Sennheiser HD560S - wykonanie
Bryła jest zwarta i skromna, bez błyskotek, zawsze w eleganckiej czerni. Owalne muszle (bardzo typowe dla Sennheisera) są mocowane do widelca tylko z jednej strony; takie połączenia wykazują się pewną elastycznością, co pozwala obracać muszle o niewielki kąt i dopasować je do głowy. Regulacja to wsuwana do górnej części pałąka “taśma" z szeregiem zapadek.
Miękką wyściółkę przygotowano tylko w centralnej części pałąka. Poduszki słuchawek Sennheiser HD560S są symetryczne, na całej powierzchni wyłożone welurem, co ma duży wpływ na wygodę użytkowania. Ponadto zakres regulacji pałąka jest duży – zmieści się każda głowa. Trochę może dokuczać duży nacisk boczny.
Sennheiser HD560S - przetworniki
Przetworniki słuchawek Sennheiser HD560S są konwencjonalne, dynamiczne, membrany wykonano z mieszanki polimerowej. Przetworniki zostały skręcone (względem ucha) o niewielki kąt – tego typu system o firmowej nazwie E.A.R. (Ergonomic Acoustic Refinement) ma wspomagać reprodukcję przestrzeni na wzór kolumn głośnikowych. Wydaje się jednak, że jeszcze lepiej służą temu otwarte muszle.
Kabel podłączamy tylko z jednej strony, ale czterostykowa konstrukcja złącza otwiera drogę do połączeń zbalansowanych.
Sennheiser HD560S - odsłuch
Sennheiser HD560S dotarły do mnie jako pierwsze, wyjechały jako ostatnie i w sumie ich najwięcej mogłem posłuchać, już nawet nie z obowiązku. Dzięki temu mam jednak pewność co do ich właściwości i możliwości, które są zasadniczo odmienne niż konkurentów.

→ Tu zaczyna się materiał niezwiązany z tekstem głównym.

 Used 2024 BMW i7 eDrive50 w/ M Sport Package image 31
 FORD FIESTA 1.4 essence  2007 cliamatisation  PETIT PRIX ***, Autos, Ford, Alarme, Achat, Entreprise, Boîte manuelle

Z jednej strony można je uznać za punkt odniesienia, zwłaszcza gdy cenimy sobie liniowość i neutralność, z drugiej – to wcale nie jest brzmienie, które musi się wszystkim spodobać.
Poprzeczka jest zawieszona wysoko, również przed użytkownikiem. Audio-Technica oraz HiFiMAN przedstawili propozycje może mniej ambitne, ale bardziej atrakcyjne dla przeciętnego odbiorcy. Sennheiser ma coś bardziej wyrafinowanego.
Mimo najlepszego zrównoważenia nie można więc stwierdzić, że to słuchawki najbardziej uniwersalne. Wątpliwość nie dotyczy jednak rodzaju muzyki, jakości nagrań czy sprzętu współpracującego, ale naszego gustu.
Sennheiser HD560S grają porządnie, spójnie, równo, bez podbarwień. Bas jest niski i dokładny, dopełniający. Średnica – bliska i czytelna, ale bez "dopalenia" i ożywienia. Góra – czysta, selektywna, zdyscyplinowana. To brzmienie bez słabości i wielkich atrakcji.
Trzeba mieć doświadczenie i określone upodobania, aby zachwycać się takim porządkiem - unikalnym w tym zakresie ceny, ale nierobiącym wielkiego pierwszego wrażenia.
To jednak dość typowe dla Sennheisera, tak jak dla konkurentów znamienne jest nabłyszczenie i porcja fajerwerków. Sennheiser HD560S też nie mają problemu z analitycznością i przejrzystością, ale zajmują się tym spokojnie, bez efekciarstwa.
Konkurenci nas swoimi brzmieniami zabawiali, a Sennheiser traktuje poważnie. Mimo umiarkowanej ceny, nie odpuszcza, nie zmienia priorytetów, realizuje brzmienie neutralne i dojrzałe w takim stopniu, w jakim to tylko możliwe.